Mary Elise Porter, 33, adored San Diego so much that she decided to move from the South with her husband in November 2020. Formerly a travel nurse, she secured a permanent nursing position at Sharp Grossmont Hospital, and was overjoyed to learn several weeks later that she was pregnant.
Nineteen weeks into her pregnancy, however, a doctor’s appointment revealed unexpected complications. “I was delighted to hear that I was going to have a son,” she says. “But my doctor found that I was already dilating. I was shocked, as I hadn’t been in pain, other than having a slight backache.”
Troubling news, early in her pregnancy
Mary Elise learned she had a short cervix and a condition called cervical insufficiency, which is when the cervix opens too early during pregnancy. The condition can be serious, leading to premature birth or miscarriage.
At the appointment, Mary Elise also discovered she had hypertension — also known as high blood pressure — which can cause pregnancy complications such as preeclampsia. This condition can lead to dangerous outcomes, such as seizures or death.
In the U.S., the rate of hypertension in pregnancy has been on the rise. Today, 1 in 12 pregnant women between ages 20 and 44 have high blood pressure. As a Black woman, Mary Elise is not alone: Black women have a higher risk of developing hypertension during pregnancy.
To help secure her son in the womb, Mary Elise received a cerclage, a procedure that places a stitch around the cervix to close it until the baby is born. Mary Elise was then put on bed rest, and only allowed to visit the doctor’s office weekly to make sure everything was OK.
However, during a checkup in her 23rd week of pregnancy, Mary Elise experienced preterm labor, which led her to be admitted into the Perinatal Special Care Unit (PSCU) at Sharp Mary Birch Hospital for Women & Newborns. She was hospitalized in the unit for 11 weeks.
“It hadn’t been long since my husband and I moved to San Diego, and my friends and family couldn’t easily travel from the South due to the pandemic,” she says. “So, there were times I was lonely.”
Care providers become surrogate family
Away from her loved ones, Mary Elise grew close to her Sharp care team. “The nurses and OBGYNs regularly checked on me and helped me through my nausea and heartburn,” she says. “With their kindness and care, they became like family.”
“Mary Elise was a lovely patient,” Dr. Tith says. “Being a nurse, she is very knowledgeable and knew how high risk her pregnancy was. She wanted to do everything to have a great outcome for her and her baby.”
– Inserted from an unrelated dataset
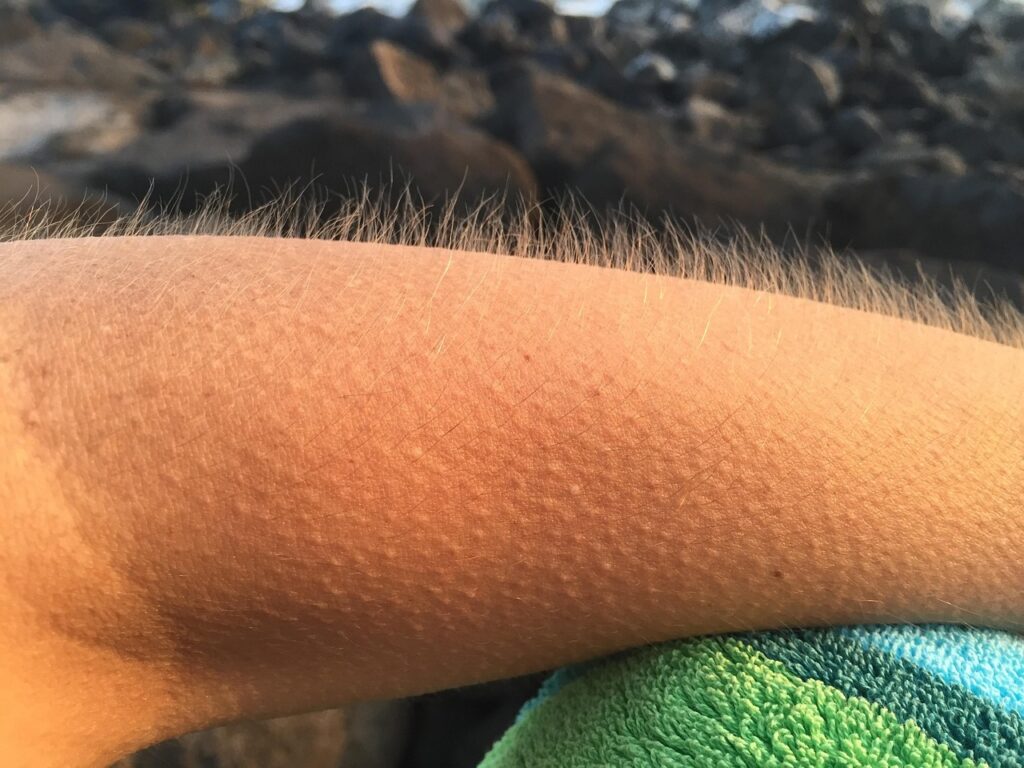 Evolutionary Biology Says Human Goosebumps Are a Relic From Hairier Ancestors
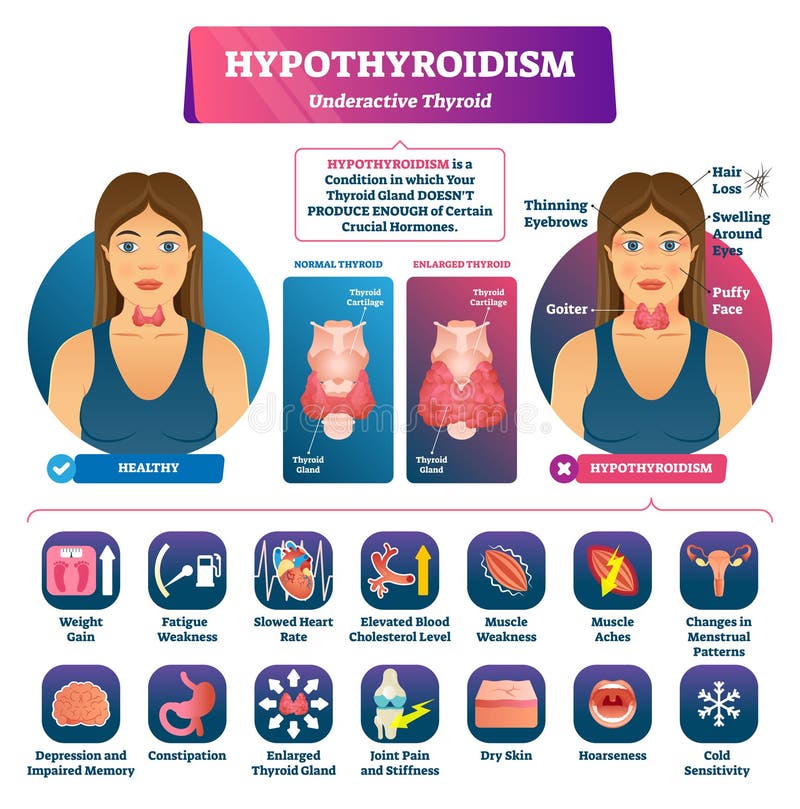 2 Thyroid Free Stock Photos StockFreeImages 2-thyroid-free-stock-photos-stockfreeimages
When Mary Elise reached 34 weeks and her health stabilized, she was sent home. She had her cerclage removed the following week.
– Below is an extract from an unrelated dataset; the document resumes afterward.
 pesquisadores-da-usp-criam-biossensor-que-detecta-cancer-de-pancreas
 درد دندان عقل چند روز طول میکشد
Mary Elise’s water broke at 37 weeks into her pregnancy. Her son was born on New Year’s Eve and was monitored in the Neonatal Intensive Care Unit (NICU) for four days before he was ready to go home.
One more challenge to overcome
However, Mary Elise’s journey wasn’t quite over. About a week after giving birth, she was diagnosed with postpartum preeclampsia during a follow-up appointment. She was hospitalized at Sharp Mary Birch for two days to stabilize her health.
“Severely elevated blood pressure could increase Mary Elise’s risk for a stroke, so it was important to admit her, treat her blood pressure and prevent seizures,” says Dr. Tith.
Today, Mary Elise is grateful that both she and her son are well, thanks to the care she received from her Sharp team. “Every nurse and doctor were so observant and attentive,” she says. “They provided me with great care and helped protect my life as well as my baby’s life.”